After more than a decade working to dig up and document all manner of malice, I can tell you from experience what you already know: Contrary to overwhelming public misconceptions, politicians work overtime to tell the truth when they are throwing the mud around but get away with half-truths and outright lies when they're saying something nice.

If you ask most voters, all egghead political scientists, and not a few consultants, they will tell you that politics would be better if we could just get away from negative campaigning and concentrate on the issues.  A 2000 study by the Institute for Global Ethics found that an eye-popping 90 percent of Ohio voters agreed that “negative attack campaigning is unethical,” and 88 percent believed that “negative campaigning undermines democracy.”  But in a country where 76 percent of the citizens thought Saddam Hussein helped Osama bin Laden carry off the 9/11 attacks, majority public opinion can fall a little short of the mark.

 

What voters – and most pundits and political scientists – fail to understand is that consultants worship at the twin altars of truth and accuracy when making negative attacks.

 

Consider the lengths that Neil Kammerman, a principal with the political media firm Murphy Putnam Shorr, goes to in order to demonstrate that a negative attack is both factually accurate and broadly truthful: He cites the documents at the bottom of the screen, shows an image of the document as well as a logo or masthead, and highlights in large type the relevant text from the document.  “You want to provide the footnotes, so to speak, the backup, so a station has no question as to where the information came from,” says Kammerman.

 

It's standard practice to do this in a negative commercial, not only to overcome the voters' bias against negative ads but to protect the attack against questions the opposition will use to get the ad pulled off the air, a tactic Kammerman has used to defend his clients against false attacks.

 

“If we feel the attack is misleading or in any way inaccurate, we'll go to war.  We will do everything in our power to have that ad pulled off the air.  We will respond,” says Kammerman.  “You're able to hold your opponent to a higher standard on negatives.”

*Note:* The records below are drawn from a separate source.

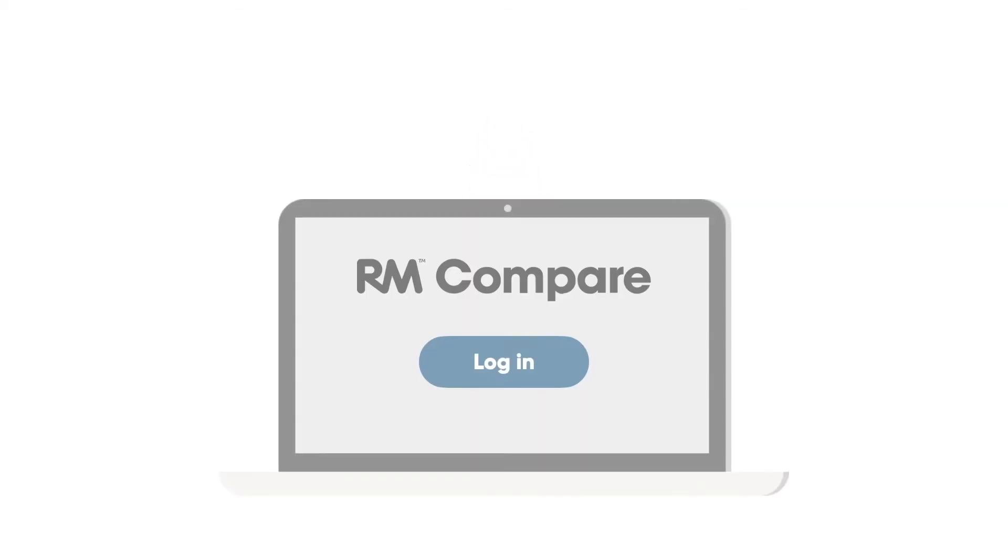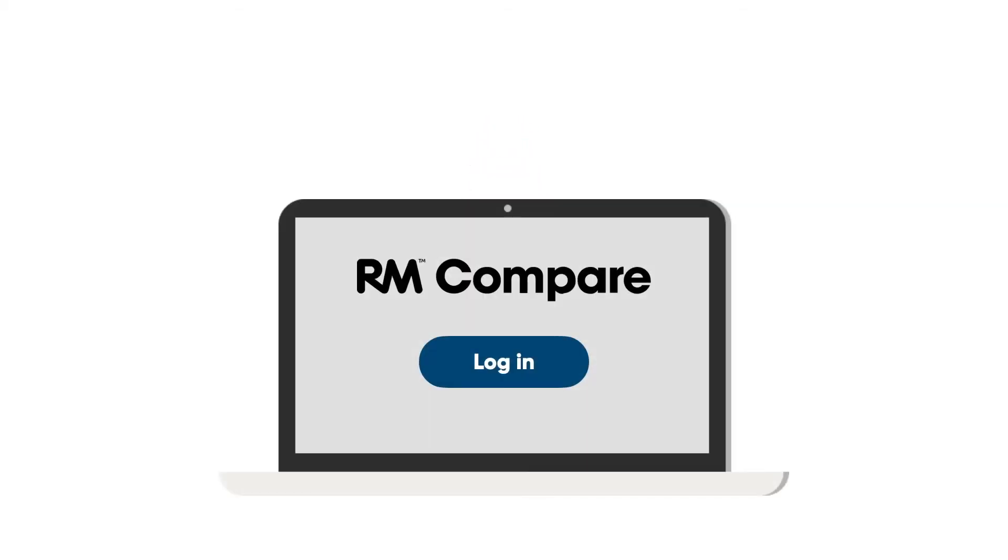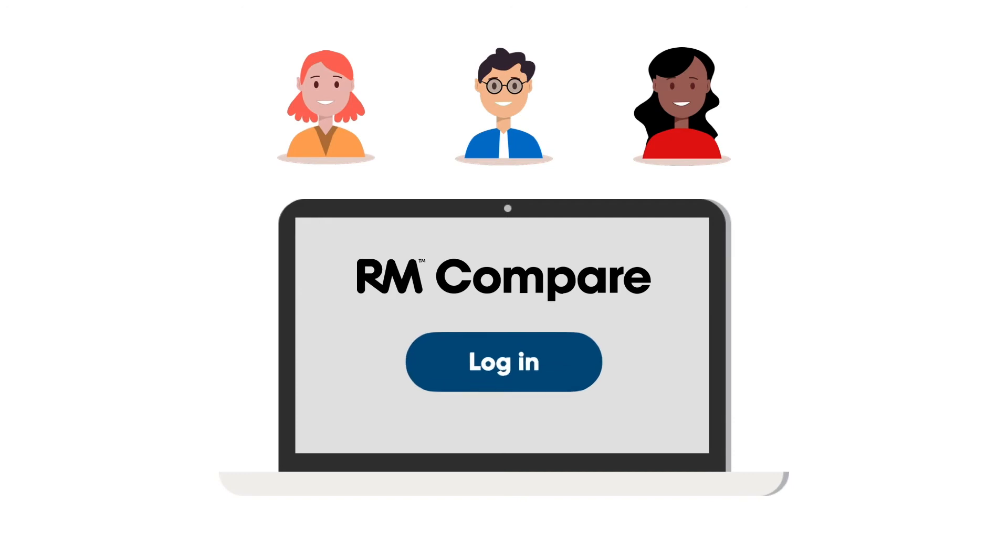RM Compare, using the power of comparative judgment, offers a much better approach.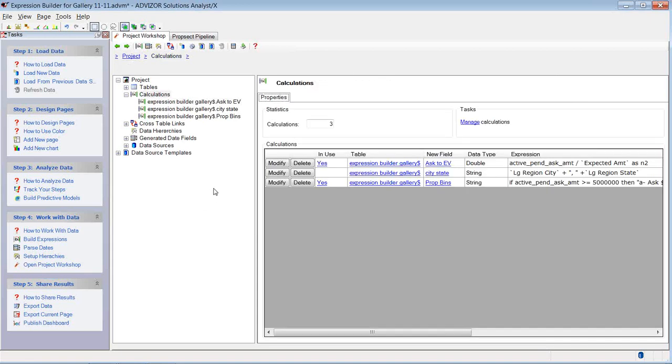So again, to summarize, Advisor comes with three tools that lets you add additional fields to your data sets. An expression builder, which does numeric, string, and conditional statements. A date parser, which will parse the date field into a variety of different formats. And a hierarchy wizard that will let you set up hierarchies. And we did not see that today. Thank you for your time.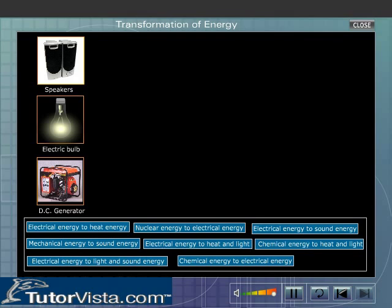Transformation of Energy — Activity. Shown here are a few devices that work due to transformation of energy. Classify them according to the transformation. Observe the highlighted image and click on the appropriate transformation.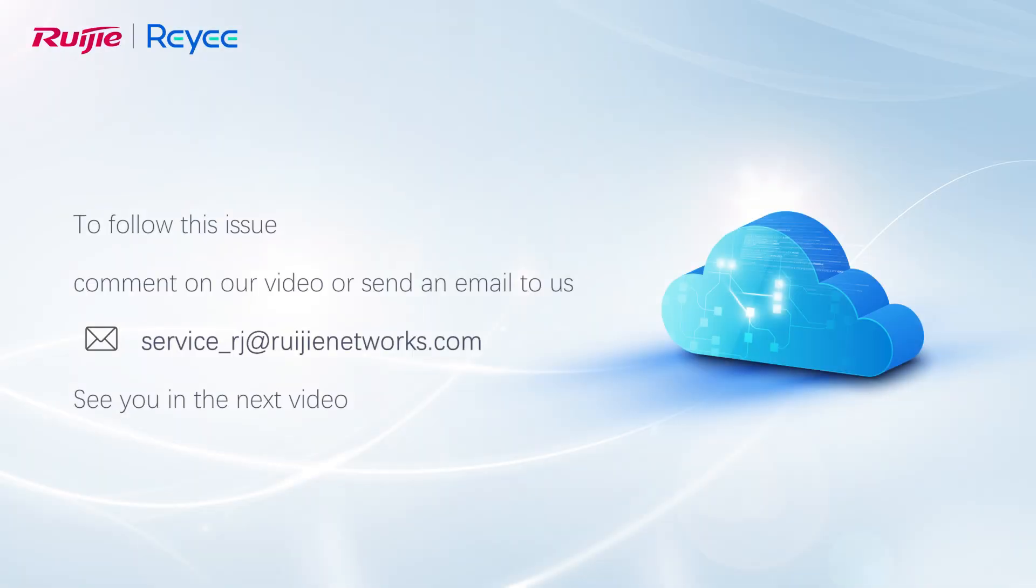To follow this issue, comment on our video or send an email to us. See you in the next video.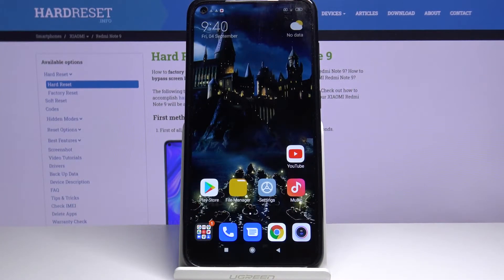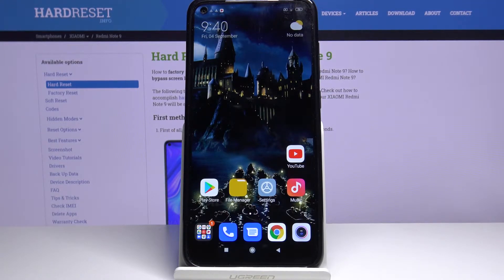Hi, in front of me is the Xiaomi Redmi Note 9, and today I want to show you how you can customize your keyboard theme.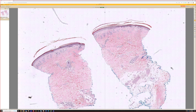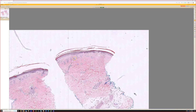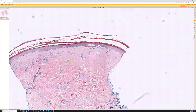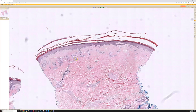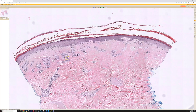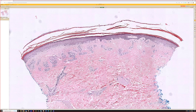We've got a punch biopsy here and the eye is drawn to the superficial dermis where we see little tufts or collections, lobules of something.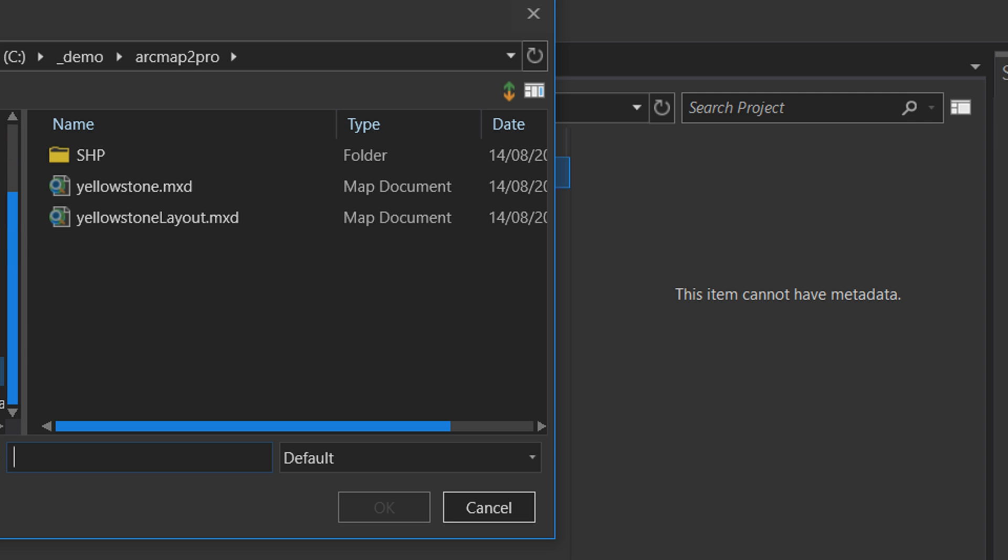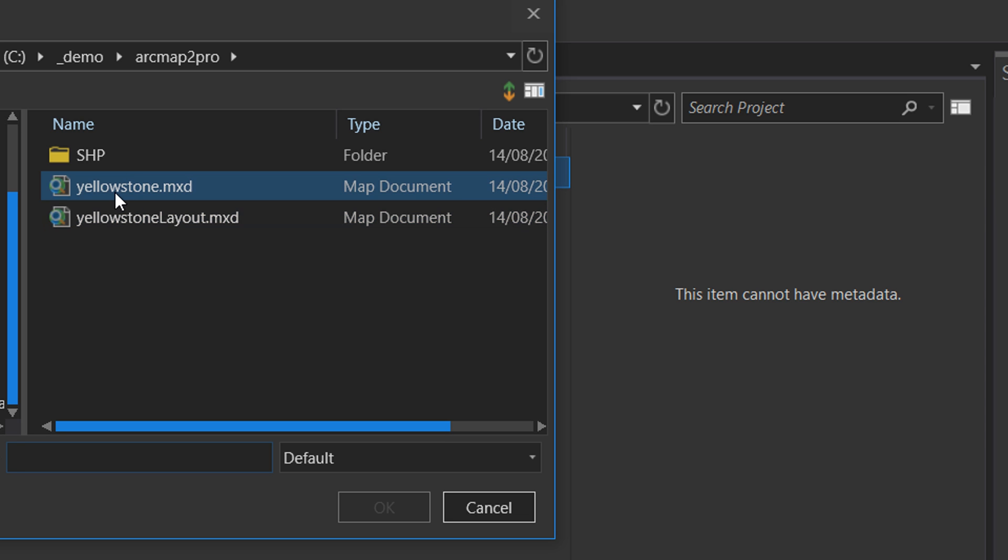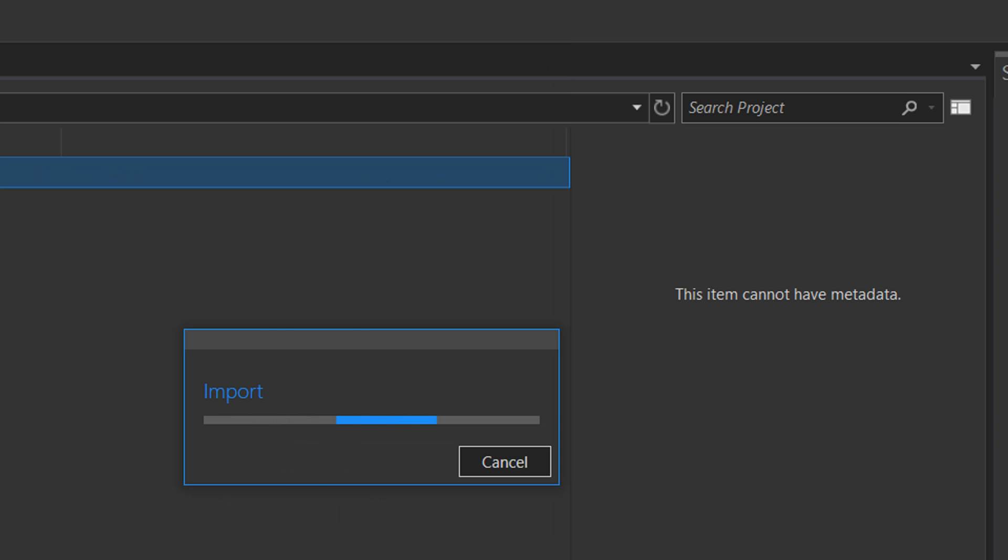That's in for me C demo and ArcMap to ArcGIS Pro, and I'm going to go with Yellowstone MXD. I'll just select that.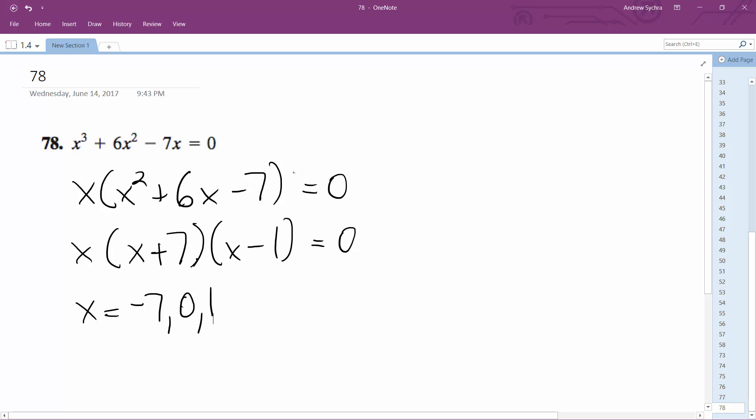Let's see if this works. So negative 7 cubed plus 6 times 49, and then it ends up being plus another 49, which cancels out. So negative 7 works, 0 works, and then 1 works.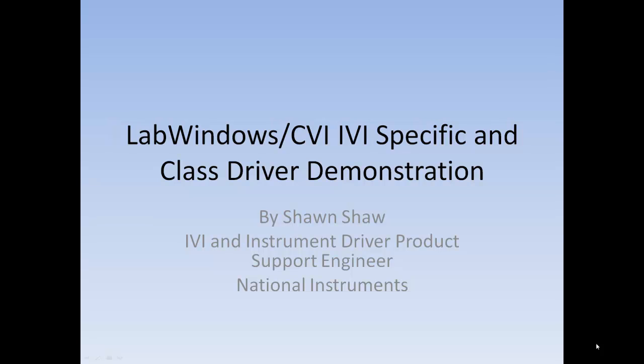Hello and welcome to the LabWindows CVI IVI specific and class driver demonstrations. My name is Sean Shaw from National Instruments.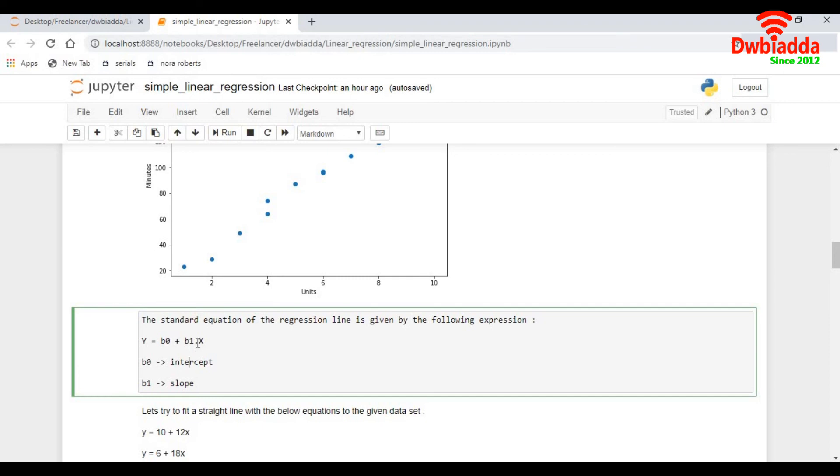In the next module, we will learn in detail about how to construct the straight line and how to find which straight line is the best fit and I should consider it as my prediction. Thank you.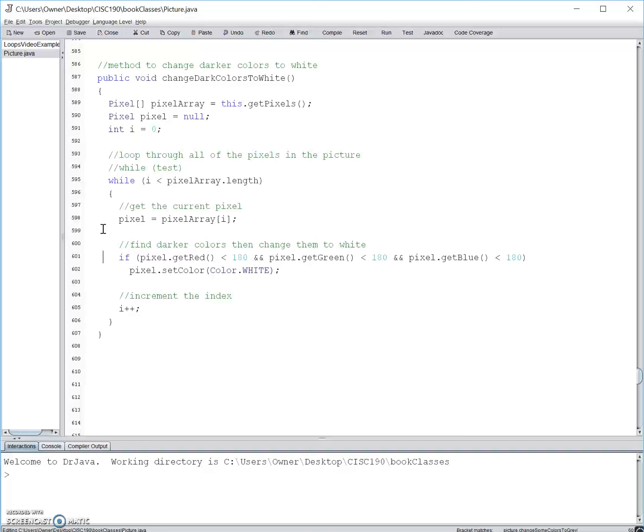Next we come to an if statement that basically says, if the selected pixel has a red, green, and blue value of less than 180, change the pixel to the color white. And finally we increment the variable i, so that we can then move on to the next pixel in the while loop.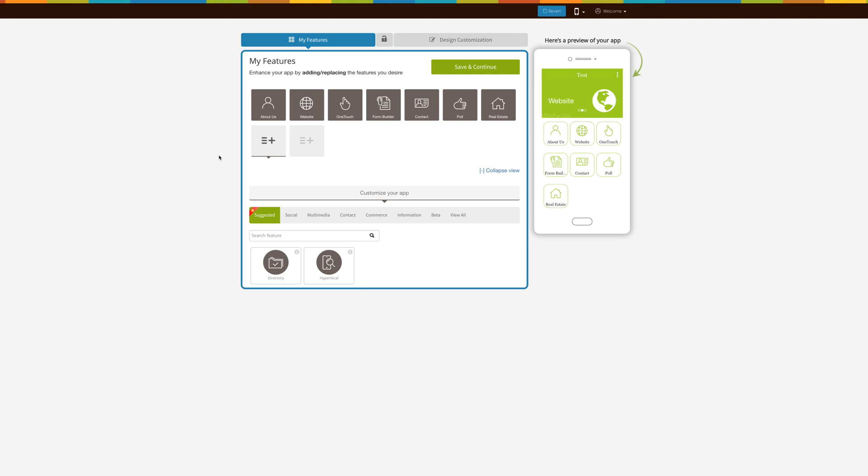Hello guys, in this video tutorial, you will learn how to add an IAP page into your app. IAP stands for In-App Purchase, which is generally used for selling digital goods. You can create a catalog for selling photos, audios, videos, ebooks, or magazines. Let's see how it is done.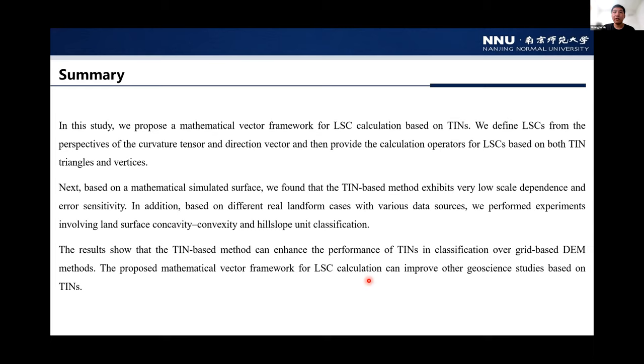These are all the references cited in this presentation. Thanks.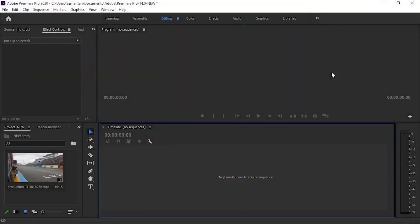This video is about time remapping. Time remapping allows you to slow down, freeze, or reverse your footage.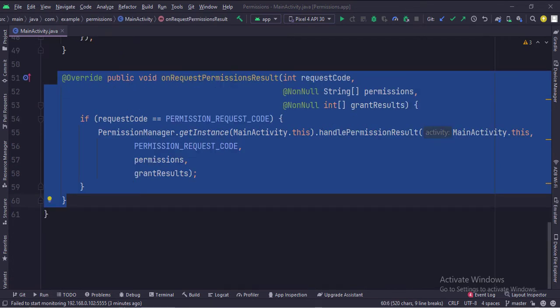In the onRequest permission result function, we handle the permission results using the permission manager class.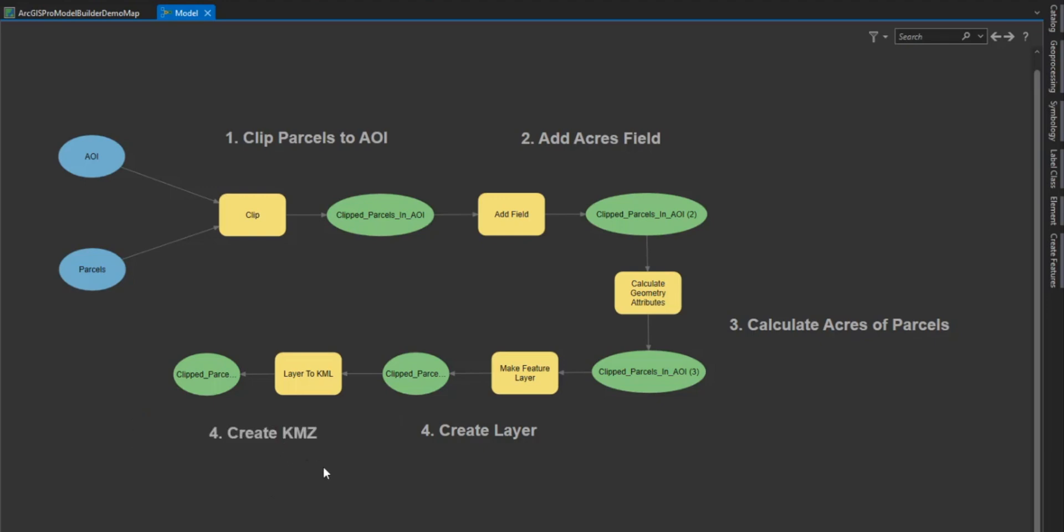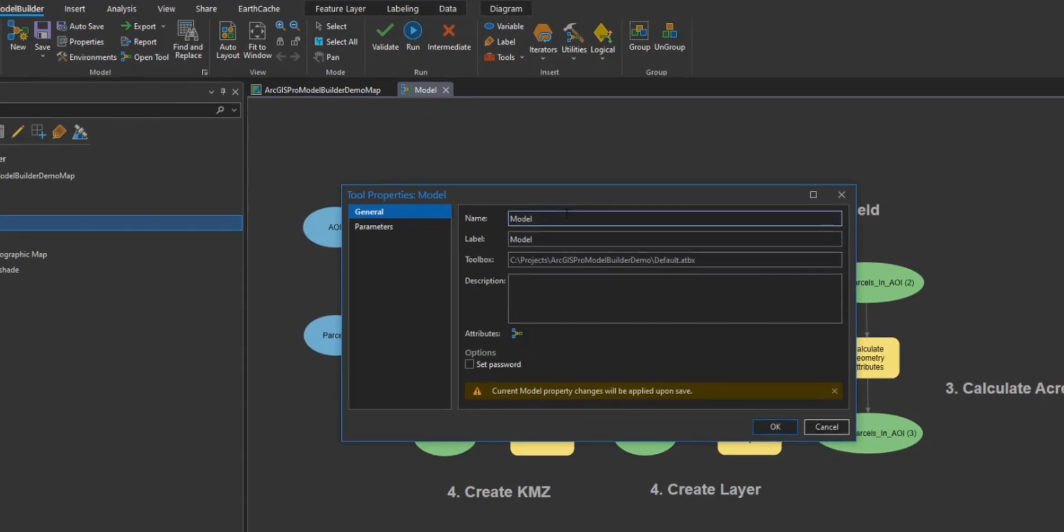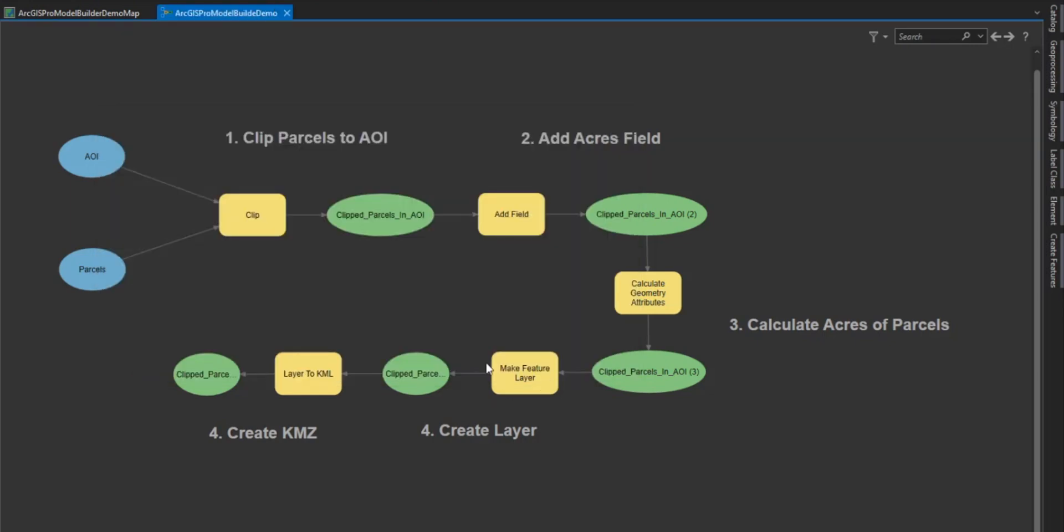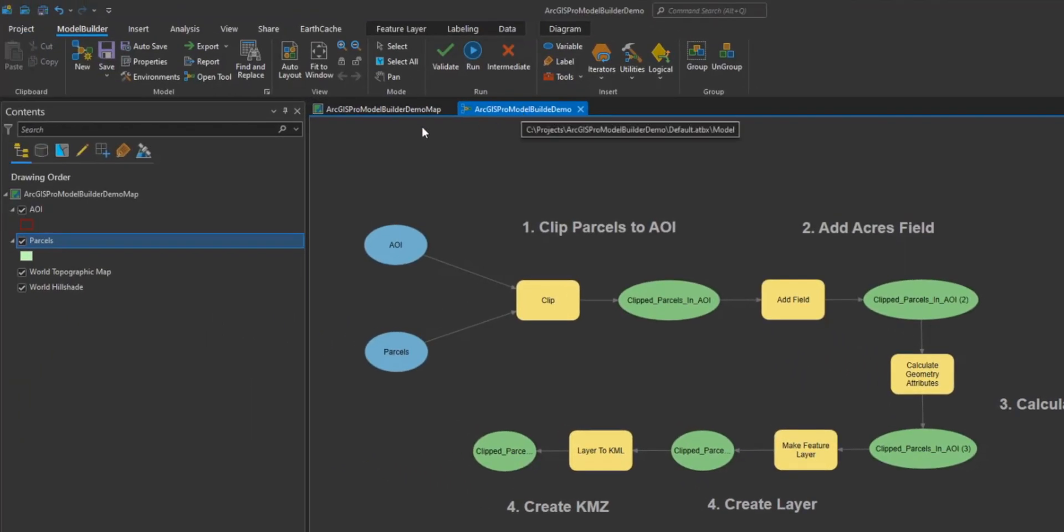Now that we have validated that we have met our client's needs, we will change the name of this model to demo by selecting properties on the model ribbon. Here is where we will change the name of the model, update the label and the description of the model. Once we have completed this, we will select ok. Then select save. The save icon can be found in the ribbon. This will save our changes and the properties of the model that we've updated.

Campaign consultants tell our clients–and ourselves–that we only get one bite at the credibility apple and that once you lose your integrity with the voters, you can't get it back. And when it comes to saying something untoward, we believe it, but how many of us apply the same standards when we making the positive case for our candidates?

 

But when a campaign shades the truth in a positive ad, Hell and damnation take the day off.  John Kerry's campaign has not paid a significant penalty for its dubious claim about the “deciding vote.”  Sure, Sean Hannity called him a liar, but if John Kerry said he was tall, then Sean Hannity would probably call him a liar.  Uninformed notions of a liberal media bias do not explain why John Kerry has skated on this one.  What's a work here is the overwhelming bias against negative politics.

 

One reason that campaigns are held to a lower standard of honesty on the positive side is that positive politics relies more on general platitudes than specifics, what longtime Democratic campaign manager John Lapp calls “dare to love your mother and apple pie kinds of things.”

 

One consultant brings up the common example of claiming that so-and-so has “been a leader” or “fought” on some issue, which isn't necessarily lying, but “more of a general kind of slightly enhancing someone's accomplishments or credentials that you can't say is inaccurate.”

 

“Who defines what a leader is? Anyone can be a leader on anything in Congress,” says this media consultant, who understandably wanted to keep his name out of this.  “You can get away playing with language in a positive ad that you can't in a negative ad.”

 

Some pundits would love to blame consultants for squishy rhetoric, but this is a uniquely American tradition that historian Daniel Boorstin identified as boosterism by settlers who wanted their new towns to thrive.  Citing the example of Pittsburgh, which was touted as an industrial Mecca years before they built the first factory there, Boorstin notes that civic leaders began using the present tense to describe future goals to create reality out of intention and imagination.  It's the only way to explain how George W. Bush could call his looting of the federal treasury a jobs program.

 

Fuzzy language begets spongy standards of accuracy begets lazy accountability, making it harder to apply standards of accuracy to positive ads.  In fact, the only recourse for making campaigns tell the truth in positive commercials is to engage in negative politics.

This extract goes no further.